Chapter 12 of the series Myths and Dragons

1My people, hear my teaching;
listen to the words of my mouth.
2 I will open my mouth with a parable;
I will utter hidden things, things from of old—
3 things we have heard and known,
things our ancestors have told us. ~ Psalm 78
Ok.
Here’s my dragon.
I have found a description of god that appeals to me. It fits, I believe, with our understanding of gods, with how we want them to work, and yet it requires no appeals to anything silly.
But,
My dragon has three problems.
1. It undermines the only premise in the My Theology we play with on this site. If mythology, and storytelling, teaches us anything, it’s that we should not trust what we know as being complete, but instead face the unknown as the disciplined, serving hero, letting the unknown be in charge. And here I go wrecking even my own basic premise! Argh. I guess premises are made to be broken.
2. The vocabulary is hopelessly high-minded and academic. It is too complex to be of any use when actually talking to people. So, it can be dismissed fairly easily. Why give it the time of day, or any consideration at all, if it doesn’t appeal directly to you?

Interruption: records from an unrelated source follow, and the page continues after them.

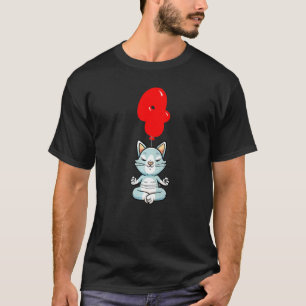 Cute Yoga Cat 4th Birthday Kids Balloon Party T-Shirt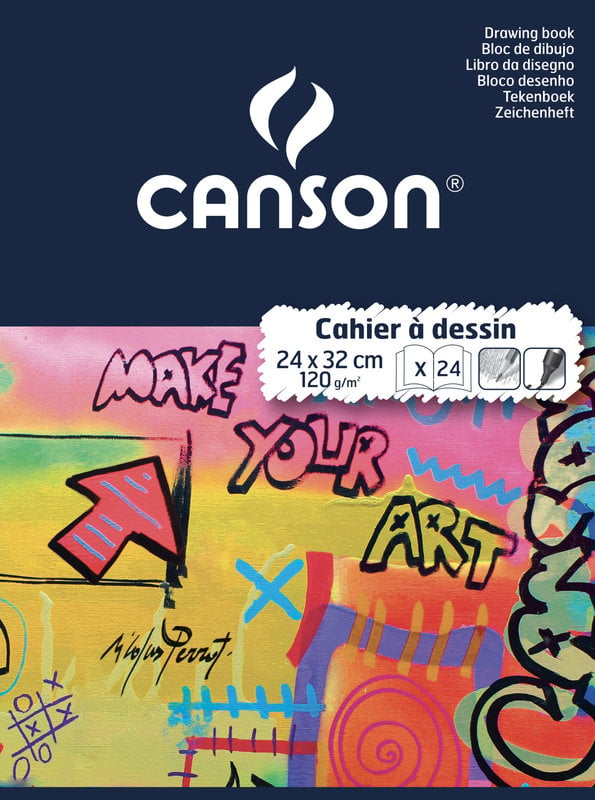 CANSON White Drawing Book 24X32Cm 24 Pages 120G/m²- Card Cover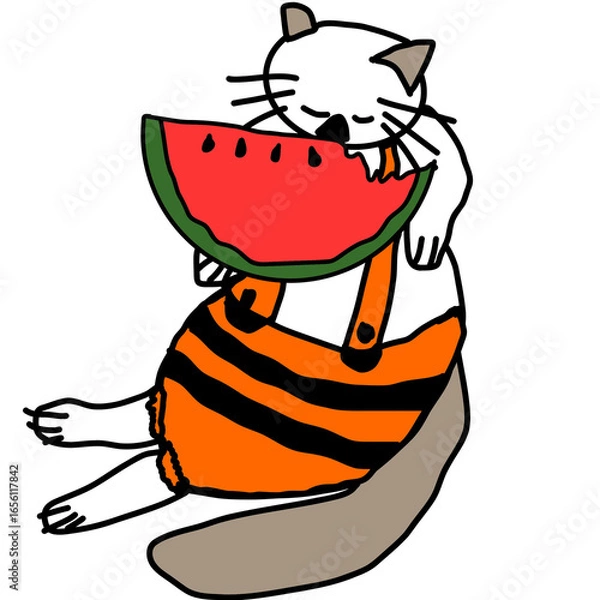 Obraz cat eating watermelon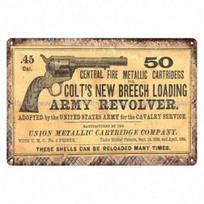 Metal Sign Wall Art Vintage Revolver Colt Saloon Bar Garage Decor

3. It is not tied to any particular or specific culture. So the usual problems remain. Why would you pay attention to anything that doesn’t fit with your personal worldview, especially if you already have things figured out? (Oh, right… because what you don’t know is the very thing that could bring down the walls around you…)
I’d like to try to find a simpler way of saying this, so I’m asking for your help, nudging readers. Are you up for the challenge of making the complex and high-minded simple and accessible? Or, temporarily adopting something that might not fit with your reality?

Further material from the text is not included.